*** Opening of Data provided ***

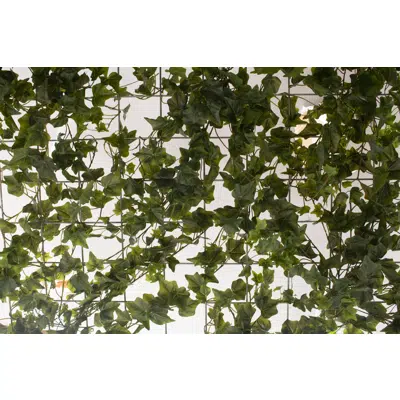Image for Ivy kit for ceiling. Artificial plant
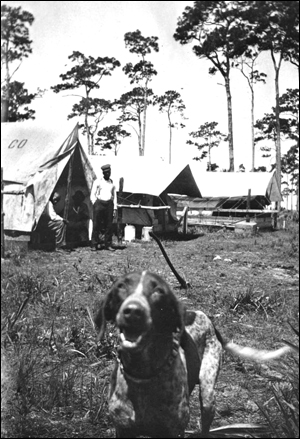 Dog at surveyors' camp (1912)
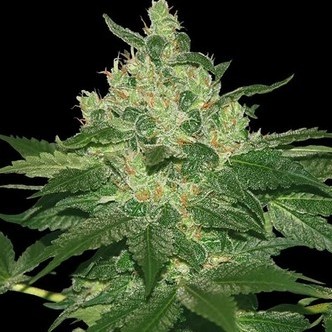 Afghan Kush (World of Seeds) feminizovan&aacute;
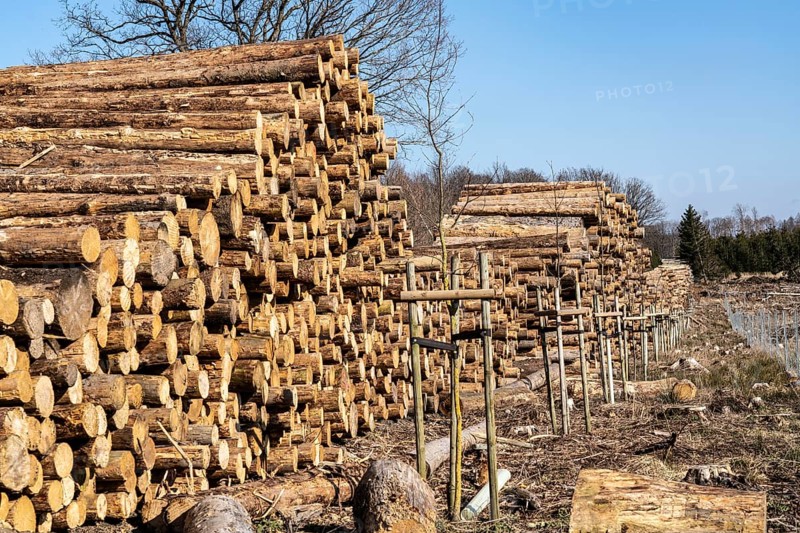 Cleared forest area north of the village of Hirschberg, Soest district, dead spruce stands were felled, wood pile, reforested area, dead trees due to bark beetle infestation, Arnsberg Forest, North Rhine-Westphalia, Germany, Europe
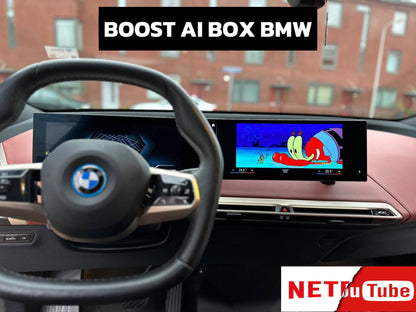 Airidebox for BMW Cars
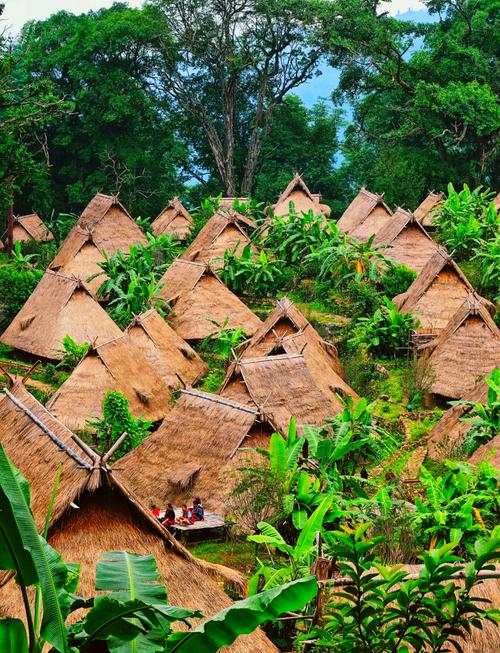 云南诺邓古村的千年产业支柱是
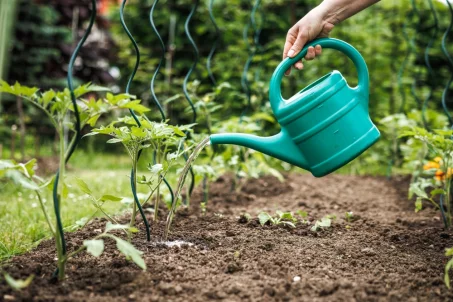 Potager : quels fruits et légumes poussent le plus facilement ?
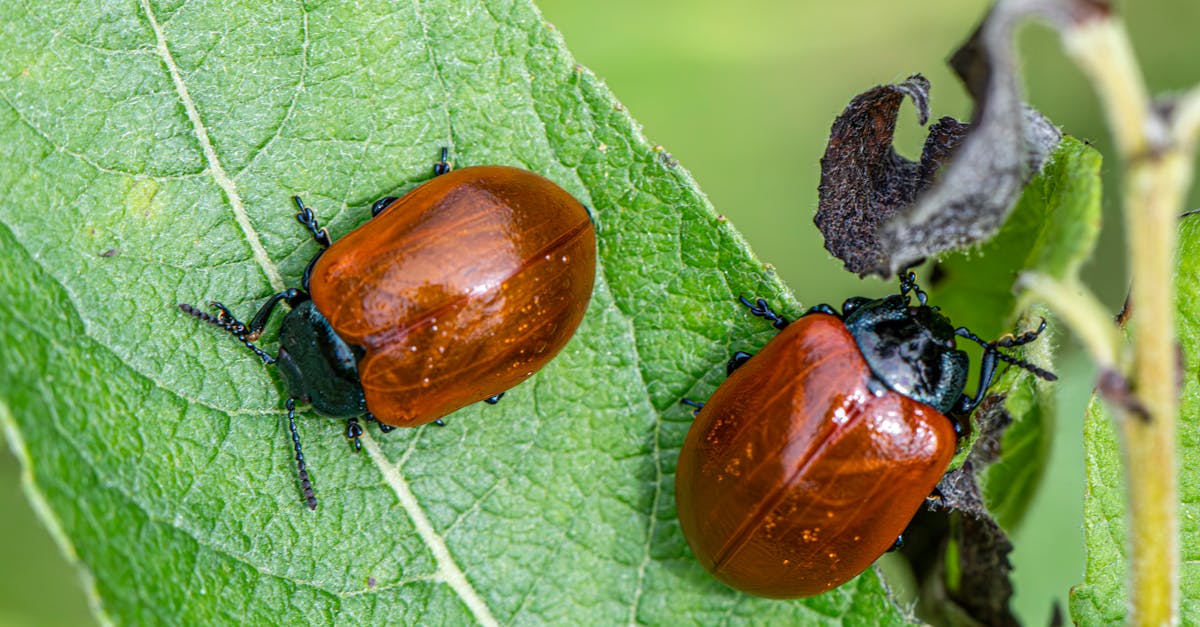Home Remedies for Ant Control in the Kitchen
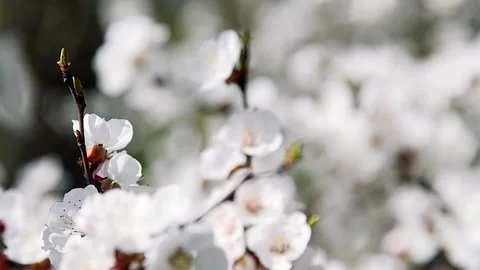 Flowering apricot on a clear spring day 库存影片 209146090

*** Close of Data provided ***

Set down the data above word for word, leaving every picture out.

Image for Ivy kit for ceiling. Artificial plant
 Dog at surveyors' camp (1912)
 Afghan Kush (World of Seeds) feminizovan&aacute;
 Cleared forest area north of the village of Hirschberg, Soest district, dead spruce stands were felled, wood pile, reforested area, dead trees due to bark beetle infestation, Arnsberg Forest, North Rhine-Westphalia, Germany, Europe
 Airidebox for BMW Cars
 云南诺邓古村的千年产业支柱是
 Potager : quels fruits et légumes poussent le plus facilement ?
Home Remedies for Ant Control in the Kitchen
 Flowering apricot on a clear spring day 库存影片 209146090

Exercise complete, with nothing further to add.